I'd say it's more insanely stupid than vile. It's an interesting test of who actually reads through the thread before posting, though. Like one of those quizzes that gives you lots of instructions to do weird activities and put marks on paper, of which the first is 'read though carefully' and then right at the bottom comes 'ignore all the above instructions'.

MustControlMincepieOfDeath · 12/12/2011 18:50

Jane the OP has confirmed it's a reverse AIBU. What suppostion am I supposed to be establishing about the OP?

xPAULAx · 12/12/2011 18:53

You're the stepmum, you're the Mum... Did you post this thread just so you could show it to your ex's partner and say, ''SEE!!!!! You're a COW!!''

This thread is as straightforward as a roundabout.

baubleybobbityhat · 12/12/2011 18:56

The vast majority of posters do not read the whole thread, I find.

The thread is vile because even though the supposed op was bu, people were saying things like she was disgusting and needed a slap. I really do think it would be nice if people could rein in a bit with that sort of comment. The "op" could be just have been a little dim or unthinking. You could say "I disagree strongly with your position - have you thought about what the 5 year old would like on Christmas Day?" or something like that, not (and I quote) "you are utterly vile" etc.

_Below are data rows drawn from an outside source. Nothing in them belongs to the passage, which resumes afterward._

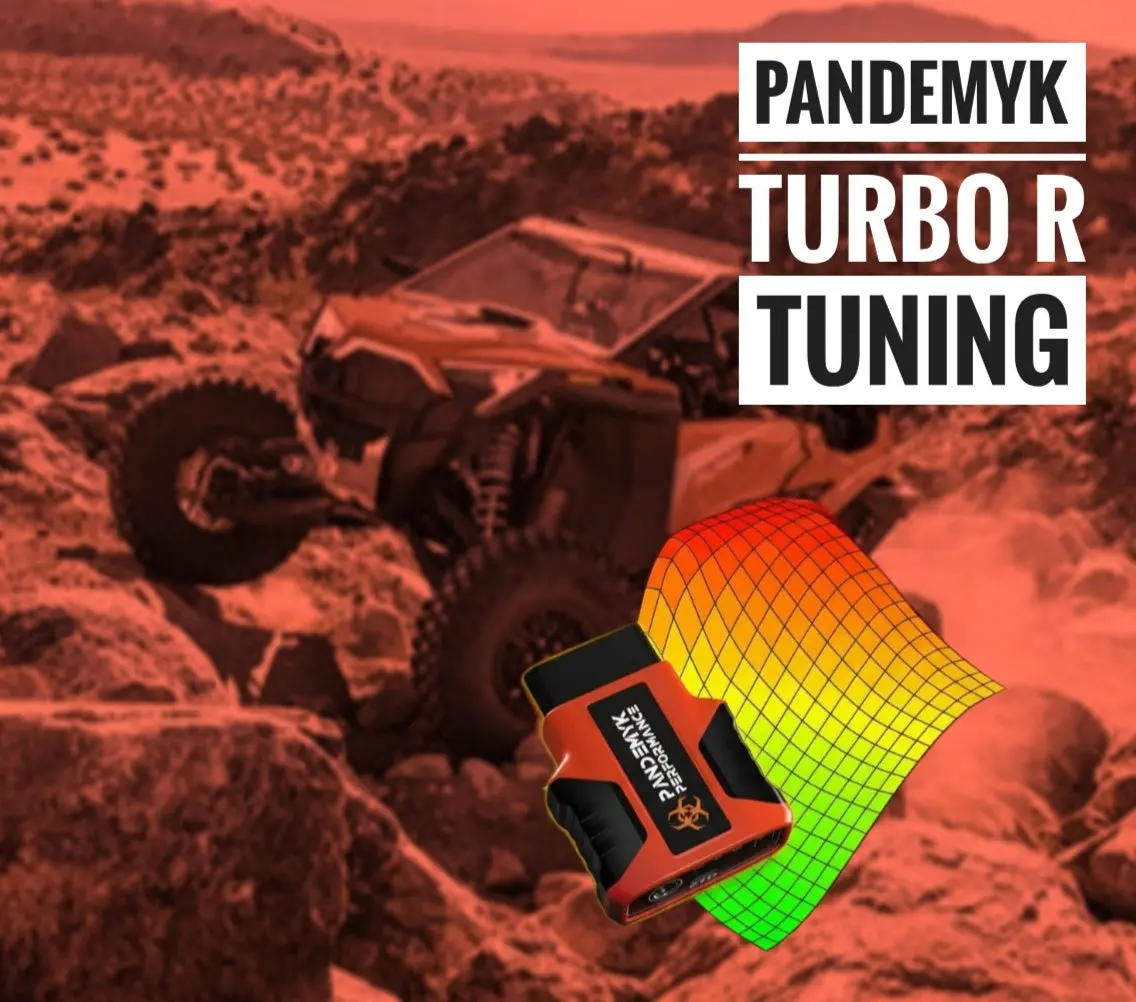 2022-2024 Pandemyk Performance Polaris Rzr Turbo R Tune 1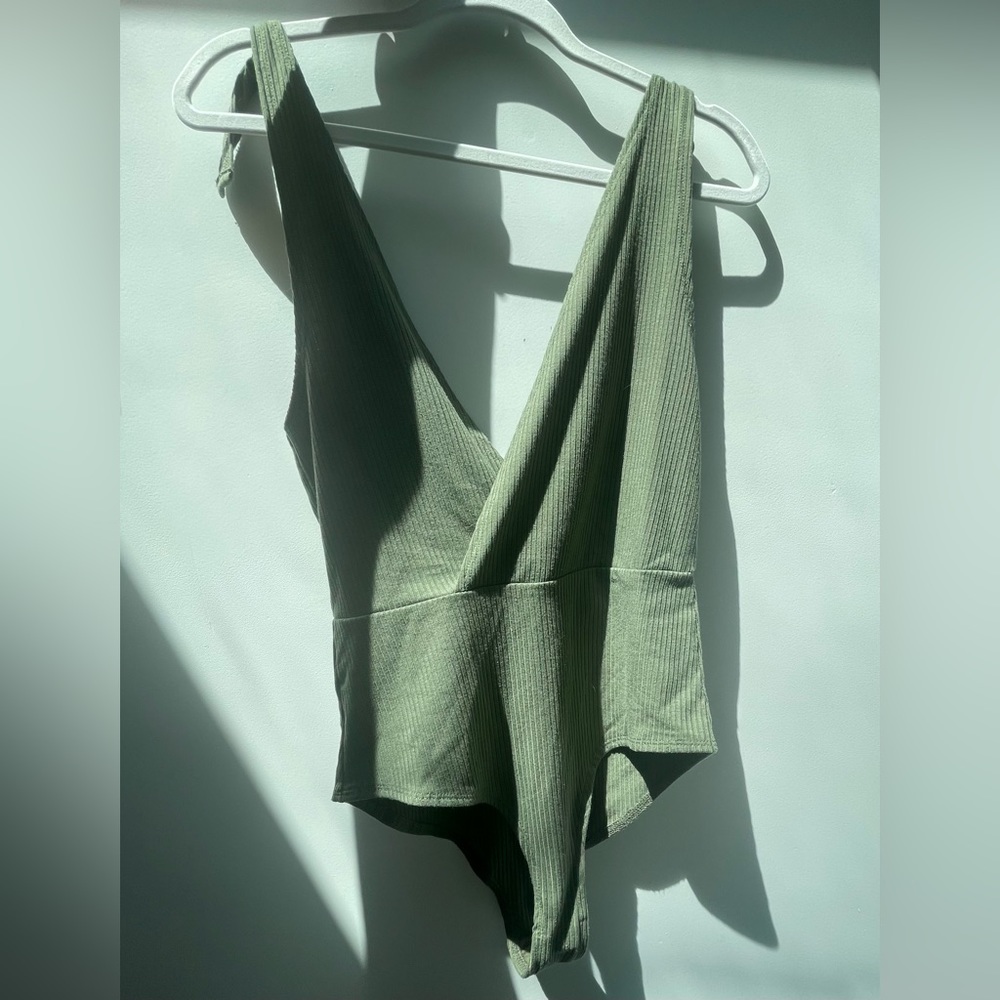 Lefties Size S Adjustable Tie Strap Body Suit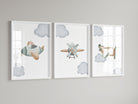 # all-groups - Vintage Wooden Propeller Plane Wall Art - Olga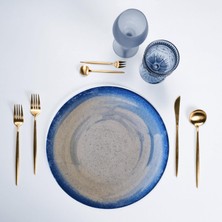 Bonna Porselen Harena Gourmet  27CM  Servis Tabağı 6'lı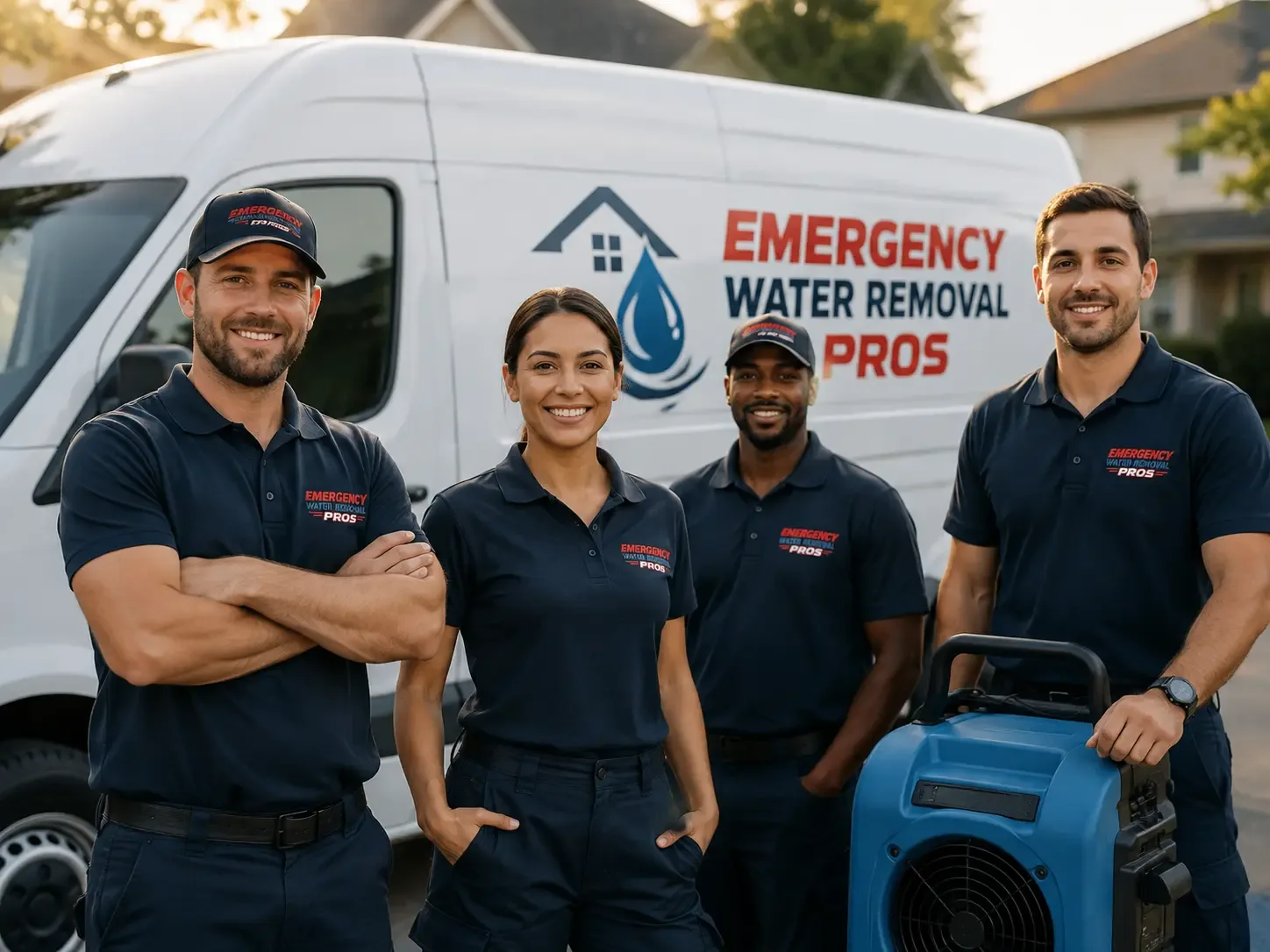 Emergency Water Removal company in Roland, OK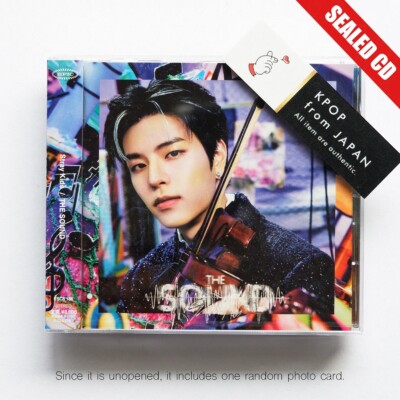 K-POP・アジア straykids CD SEALED Stray Kids JAPAN ALBUM FC CD HOLLOW SCARS CIRCUS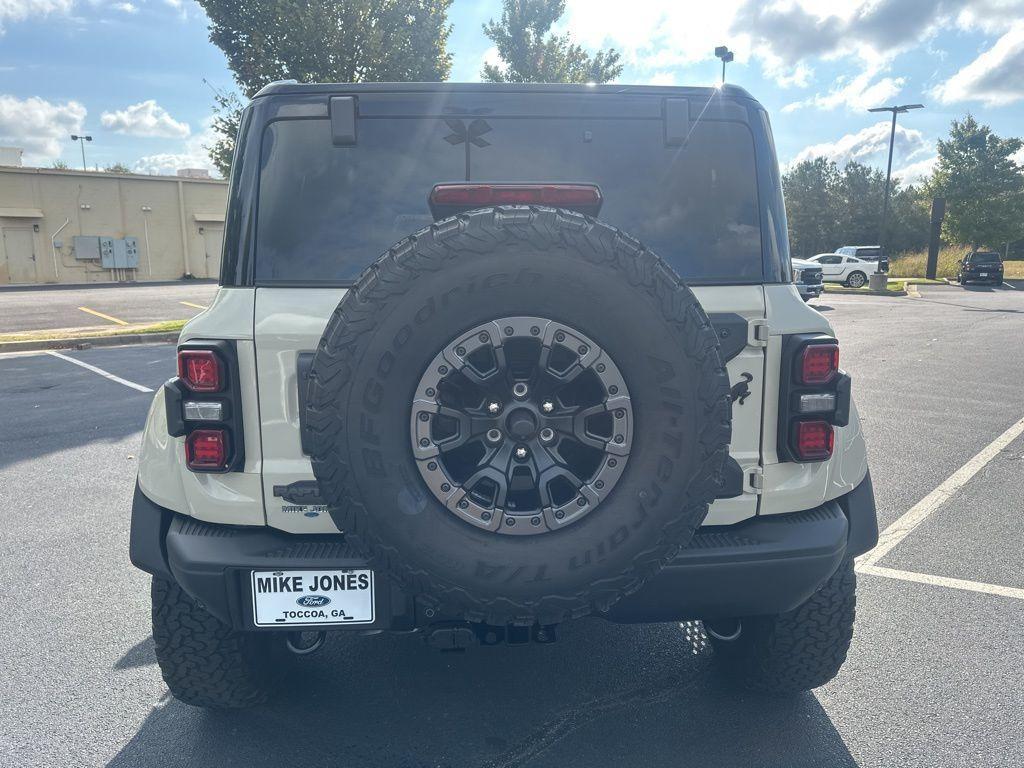 new 2025 Ford Bronco car, priced at $90,675
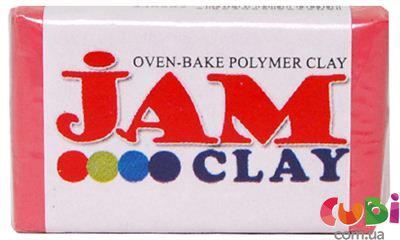 Пластика Jam Clay, Малиновий мус, 20г (5018501)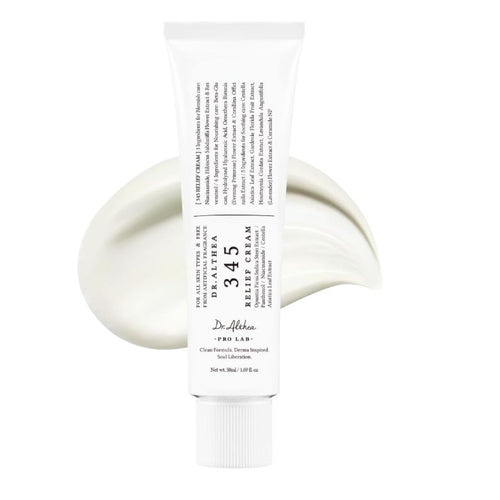 Dr.Althea 345 Relief Cream Vegan Skincare for All Skin Types | 1.69 Fl Oz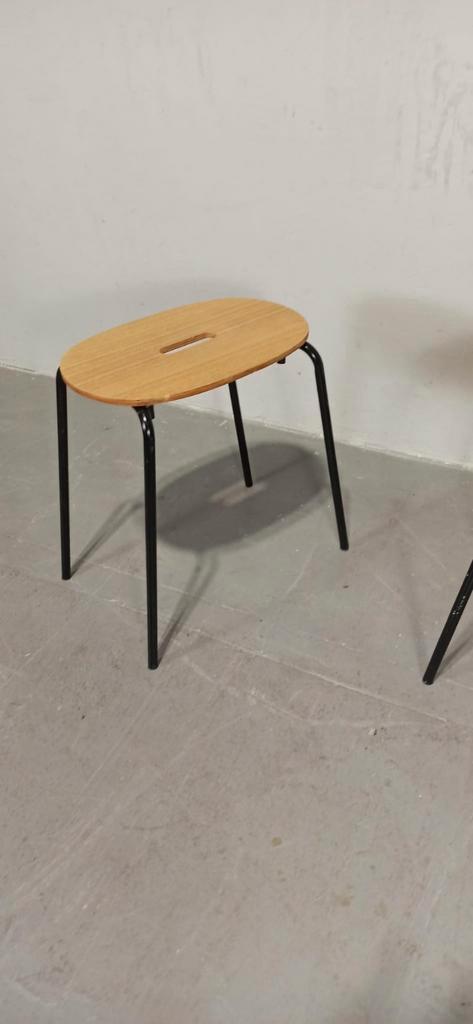 2 X Sostrene Grene Kruk, Hout En Metaal, P/p/s image 5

MJinSparklyStockings · 12/12/2011 18:59

um why cant the child spend Christmas at his dads, why then does the child have to stay with his mum, perhaps it would be nice if he spent Christmas with his dad, SM and siblings?? Id be peed off if DH went to his ex wifes house when we are perfectly welcoming of having the DSCs here.

MyChildDoesntNeedSleepAtXmas · 12/12/2011 19:01

Please tell me this is a wind-up.

If not, you are a DISGRACE.

That poor child. Sad

MJinSparklyStockings · 12/12/2011 19:01

and I posted that before I realised it was a reverse AIBU

You know he has other children, how about yo get off your high horse and drop him to his dads to spend time there instead of being so bloody selfish

MyChildDoesntNeedSleepAtXmas · 12/12/2011 19:03

rabbit it says 'a child from a previous relationship'

GoingForGoalWeight · 12/12/2011 19:04

YABU

Very

Eglu · 12/12/2011 19:04

This kind of thread annoys me. Everyone slagged the sm for not wanting her dh to go see his other child, and then when it is the ex, eveeyone slags her for not letting her ds go and stay at his dads. People didn't suggest that when it was the sm.

MyChildDoesntNeedSleepAtXmas · 12/12/2011 19:06

Your kids have him all year round as well as Xmas day. 'D'SS comes once a fortnight, you say?

Don't try and challenge that wicked stepmother sterotype, will you? Confused

MyChildDoesntNeedSleepAtXmas · 12/12/2011 19:06

Once a week. Whatever.

runningwilde · 12/12/2011 19:11

Fabsi, now you have confessed to a reverse aibu you need to give us more facts and details.
Why did you split?
Do you have feelings for ex?
Why dont you let your boy spend a couple of hours at his dad's house and with his siblings on Xmas morning?
Yes she is being unreasonable but I suspect you probably are too- and you will lose support without giving us more facts

MJinSparklyStockings · 12/12/2011 19:15

I'll go one step further - if I was your exh and his wife op he wouldn't be getting presents from us to open in your house - he would be opening them, in his home with us, me, dh and his siblings - in our home which is also his.